## Task objective
Transcribe the lines below verbatim, skipping the images.
======
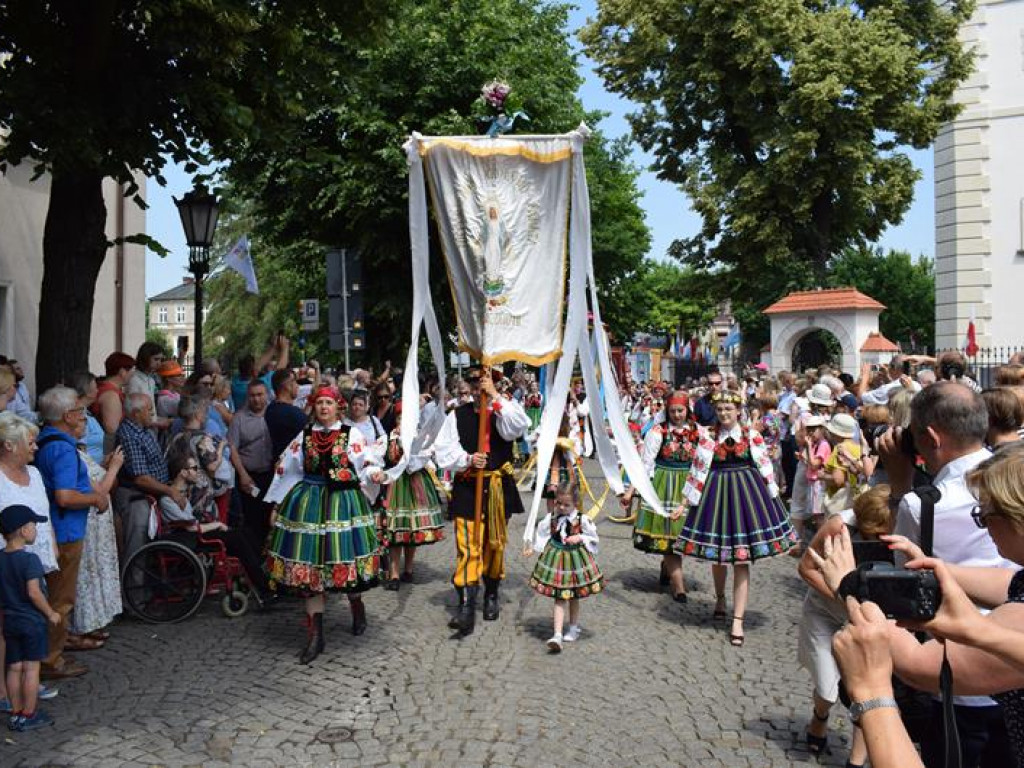 Procesja Bożego Ciała przeszła ulicami Łowicza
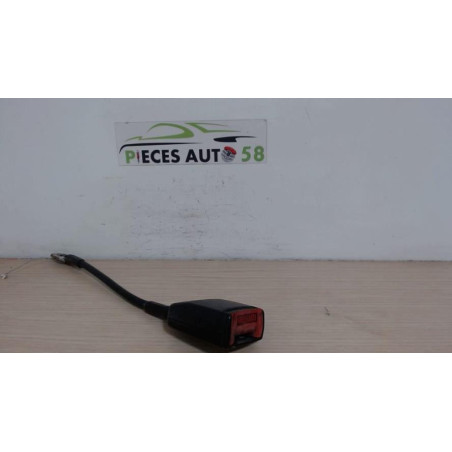 Attache ceinture avant gauche CITROEN C15 d’occasion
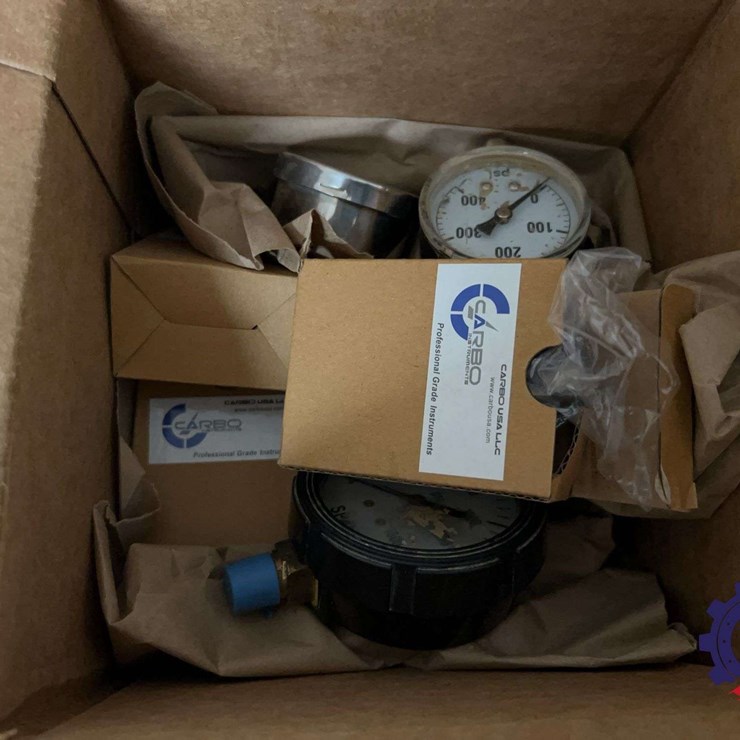 Box of Six Carbo USA LLC Pressure Gauges with Boxes and Packaging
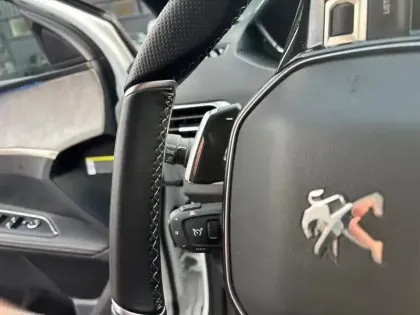 Photo 16 Peugeot 3008  Hybrid 225 e-EAT8 GT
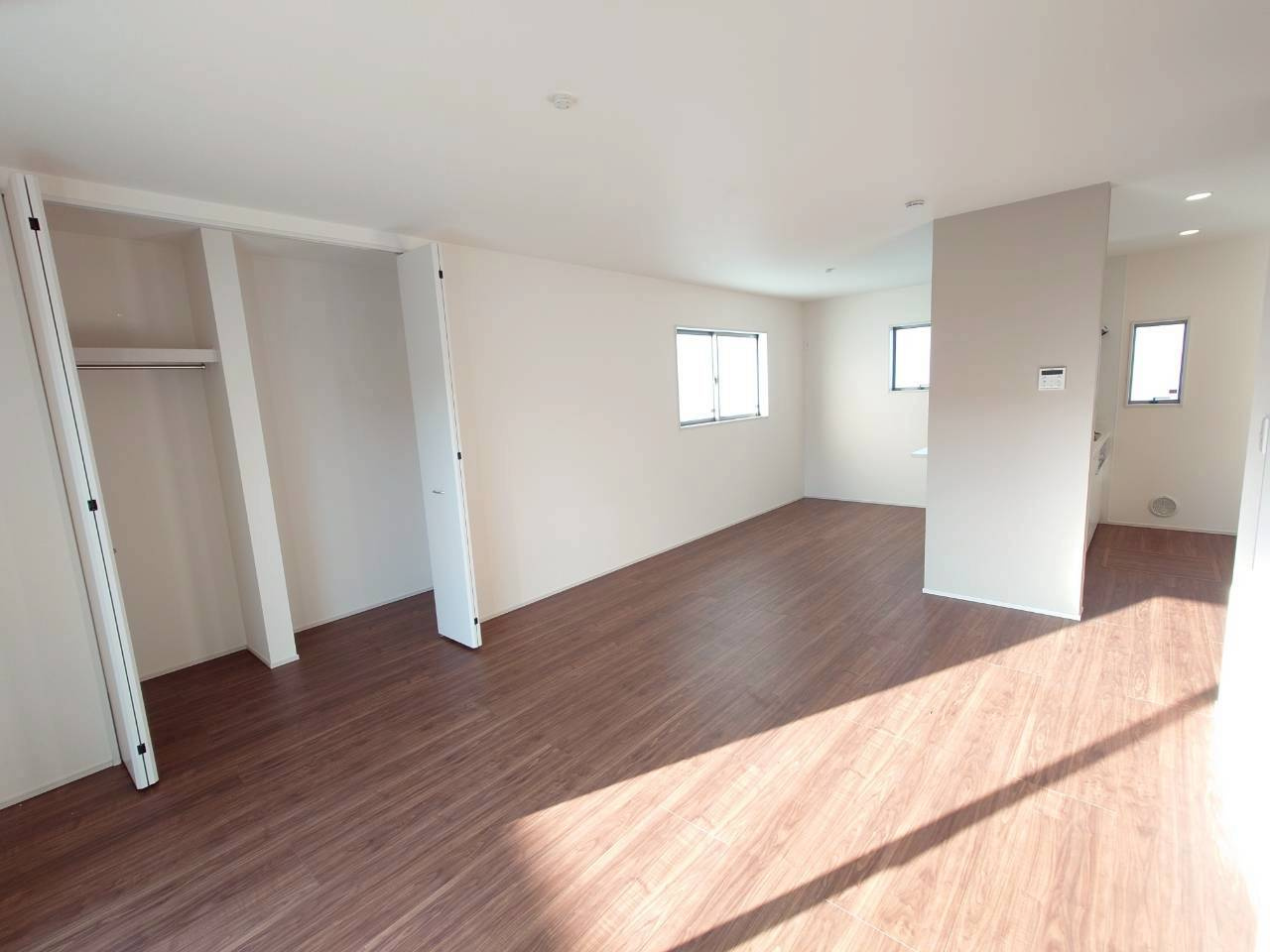 ■■豊見城市我那覇－3号棟（全3棟）の居間・リビング|ゆったりとしたリビングです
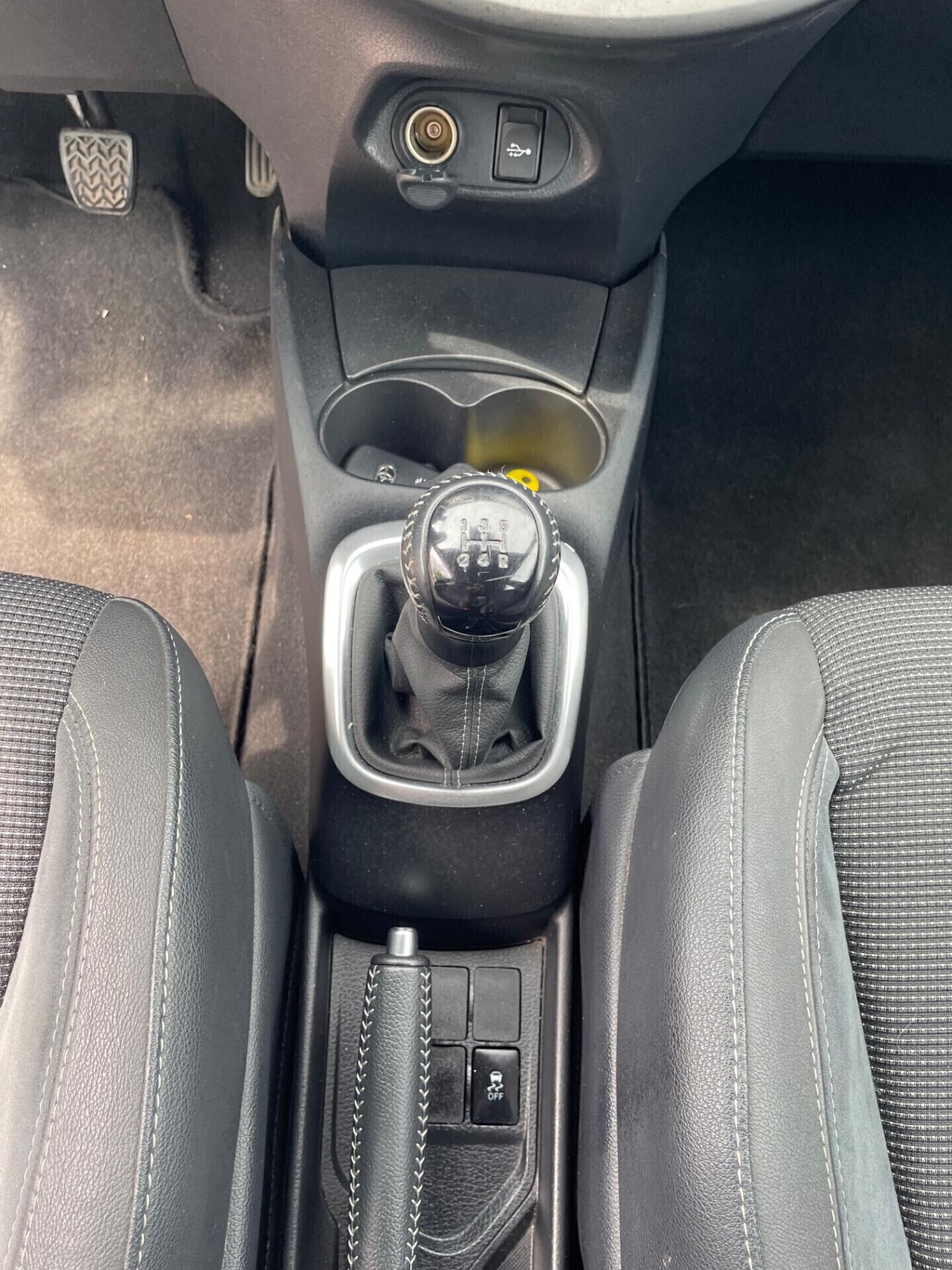 Toyota Yaris 1.0 5 porte*Neopatentati*Cerchi*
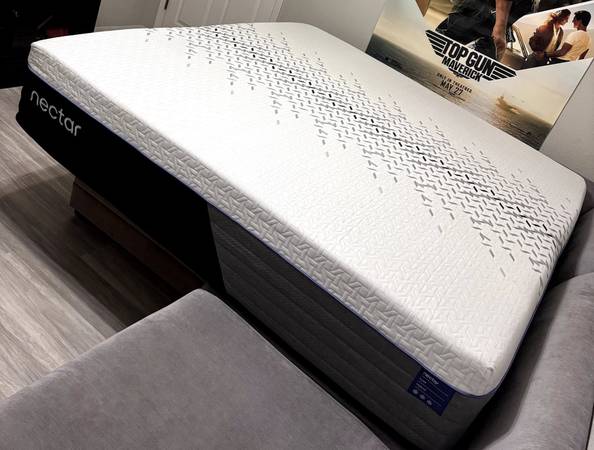 Nectar Luxe Hybrid Queen Mattress - Like New! 1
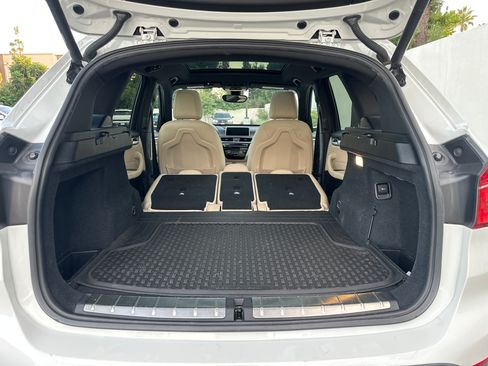 Used 2017 BMW X1 xDrive28i image 10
======
## Problem solution
 Procesja Bożego Ciała przeszła ulicami Łowicza
 Attache ceinture avant gauche CITROEN C15 d’occasion
 Box of Six Carbo USA LLC Pressure Gauges with Boxes and Packaging
 Photo 16 Peugeot 3008  Hybrid 225 e-EAT8 GT
 ■■豊見城市我那覇－3号棟（全3棟）の居間・リビング|ゆったりとしたリビングです
 Toyota Yaris 1.0 5 porte*Neopatentati*Cerchi*
 Nectar Luxe Hybrid Queen Mattress - Like New! 1
 Used 2017 BMW X1 xDrive28i image 10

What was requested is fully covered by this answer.